Diagonal

394t. Coins in a Line

There are n coins in a line. Two players take turns to take one or two coins from right side until there are no more coins left. The player who take the last coin wins.

Could you please decide the first play will win or lose?

/**
 * Statement: dp[i], when i coins last, if the person now taking the coin could win
 * Func: dp[i] = true if dp[i-1] or dp[i-2] is false
 * Init: dp[0] = false, dp[1] = true;
 * Ans: dp[n]
 * 
 */
public boolean firstWillWin(int n) {
    if(n==0) return false;
    if(n==1) return true;

    boolean[] dp = new boolean[n+1];

    dp[0] = false;
    dp[1] = true;

    for(int i=2; i<=n; i++){
        if(dp[i-1]==false || dp[i-2]==false) dp[i] = true;
    }

    return dp[n];
}

395t Coin In Line II

There are n coins with different value in a line. Two players take turns to take one or two coins from left side until there are no more coins left. The player who take the coins with the most value wins.

Could you please decide the first player will win or lose?

/**
  * Statement: dp[i], when i coins last, the money the person now taking the coin more than opponent
  * Func: dp[i] = max(sum[i]-dp[i-1], sum[i]-dp[i-2]);
  * Init: postSum, 剩i張時sum[i]
  * Ans: dp[n] > sum/2
  */

public boolean firstWillWin(int[] values) {
    int n = values.length;
    int[] sum = new int[n+1];
    int[] dp = new int[n+1];
    for(int i=1; i<=n; i++){
        sum[i] = sum[i-1]+values[n-i];
    }

    dp[1] = values[n-1];

    for(int i=2; i<=n; i++){
        dp[i] = Math.max(sum[i]-dp[i-1], sum[i]-dp[i-2]);
    }

    return dp[n] > sum[n]/2;
}

486. Predict the Winner(由下往上更新)

An array of numbers, 2 players take pile from each side by turns. Return if player 1 can win

  • State: dp[i][j] = pick from nums[i] to nums[j], the number you has more than competitor

  • Func: dp[i][j] = max(nums[i] - dp[i+1][j], nums[j] - dp[i][j-1])

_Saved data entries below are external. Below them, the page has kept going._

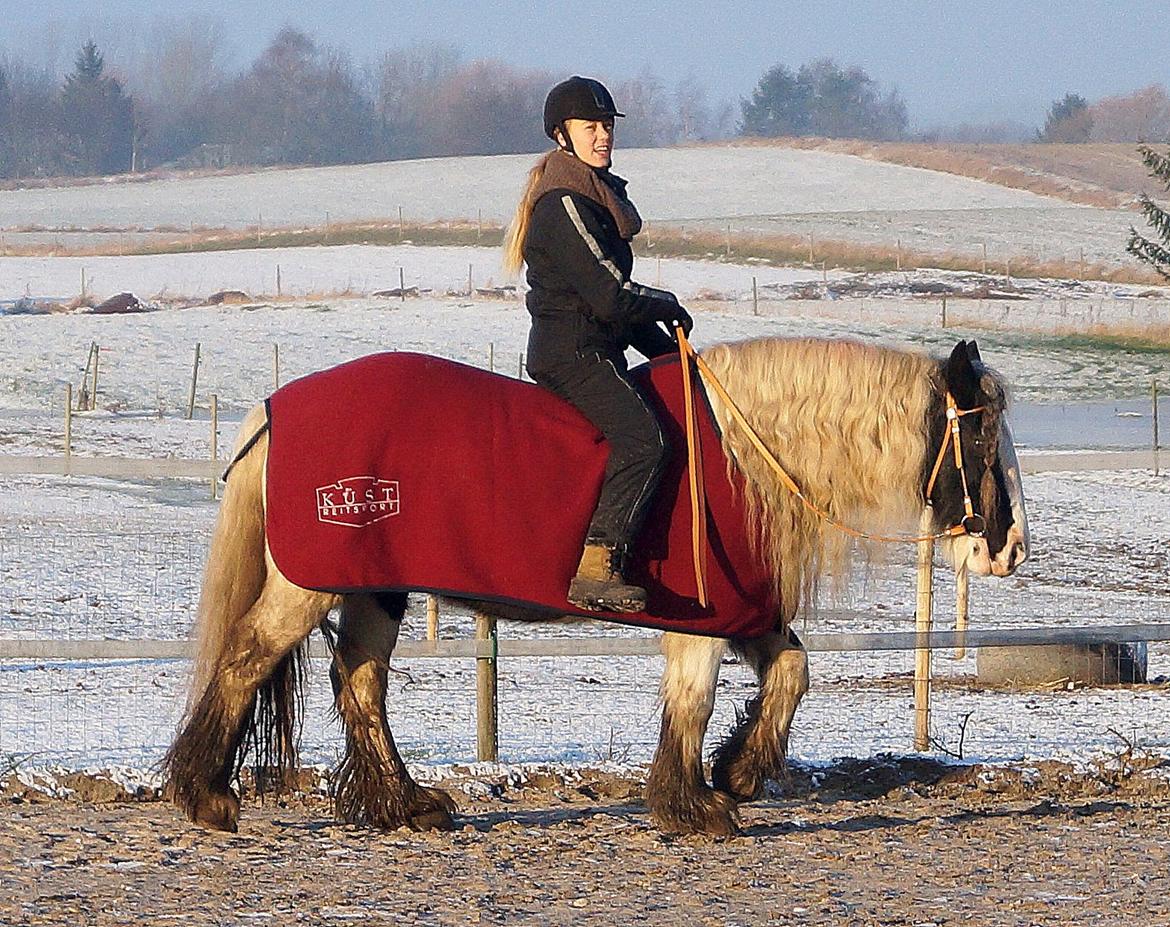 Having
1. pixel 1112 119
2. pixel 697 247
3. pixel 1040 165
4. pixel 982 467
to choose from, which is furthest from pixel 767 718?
pixel 1112 119

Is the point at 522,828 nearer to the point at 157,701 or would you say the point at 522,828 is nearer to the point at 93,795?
the point at 93,795

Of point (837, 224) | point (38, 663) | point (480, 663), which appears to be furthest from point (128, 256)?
point (480, 663)

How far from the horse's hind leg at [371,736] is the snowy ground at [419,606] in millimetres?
1177

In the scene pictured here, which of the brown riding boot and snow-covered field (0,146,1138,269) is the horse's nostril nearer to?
the brown riding boot

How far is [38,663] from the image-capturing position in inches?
365

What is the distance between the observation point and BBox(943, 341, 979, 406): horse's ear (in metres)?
5.34

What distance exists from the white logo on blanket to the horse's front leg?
1036 millimetres

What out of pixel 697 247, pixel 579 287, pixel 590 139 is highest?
pixel 697 247

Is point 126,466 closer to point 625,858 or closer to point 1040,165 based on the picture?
point 625,858

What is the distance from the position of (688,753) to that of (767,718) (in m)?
0.35

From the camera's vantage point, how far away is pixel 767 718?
222 inches

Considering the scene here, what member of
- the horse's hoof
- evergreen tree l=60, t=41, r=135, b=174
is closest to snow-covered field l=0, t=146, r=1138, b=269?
evergreen tree l=60, t=41, r=135, b=174

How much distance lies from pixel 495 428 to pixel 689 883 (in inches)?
59.4

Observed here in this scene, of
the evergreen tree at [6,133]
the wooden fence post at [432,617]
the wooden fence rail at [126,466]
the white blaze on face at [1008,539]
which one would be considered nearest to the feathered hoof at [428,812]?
the white blaze on face at [1008,539] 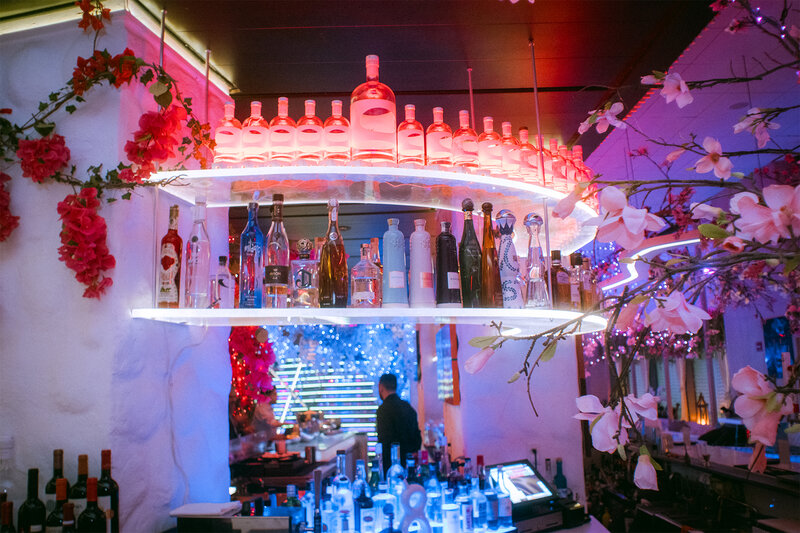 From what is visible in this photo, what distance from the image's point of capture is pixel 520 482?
3.03m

  • Ans: if dp[0][n-1] > 0

Explain

public boolean PredictTheWinner(int[] nums) {
    int[][] dp = new int[nums.length][nums.length];
    for (int s = nums.length; s >= 0; s--) {
        for (int e = s + 1; e < nums.length; e++) {
            int a = nums[s] - dp[s + 1][e];
            int b = nums[e] - dp[s][e - 1];
            dp[s][e] = Math.max(a, b);
        }
    }
    return dp[0][nums.length - 1] >= 0;
}

  • 1D space solution

public boolean PredictTheWinner(int[] nums) {
    int[] dp = new int[nums.length];
    for (int s = nums.length; s >= 0; s--) {
        for (int e = s + 1; e < nums.length; e++) {
            int a = nums[s] - dp[e];
            int b = nums[e] - dp[e - 1];
            dp[e] = Math.max(a, b);
        }
    }
    return dp[nums.length - 1] >= 0;
}

877 Stone Game(對角線更新)

A pile of stones, 2 players take pile from each side by turns. Return if player 1 has more stones

  • State: dp[i][j] = pick from piles[i] to piles[j], the stone you has more than competitor

  • Func: dp[i][j] = max(p[i] - dp[i+1][j], p[j] - dp[i][j-1])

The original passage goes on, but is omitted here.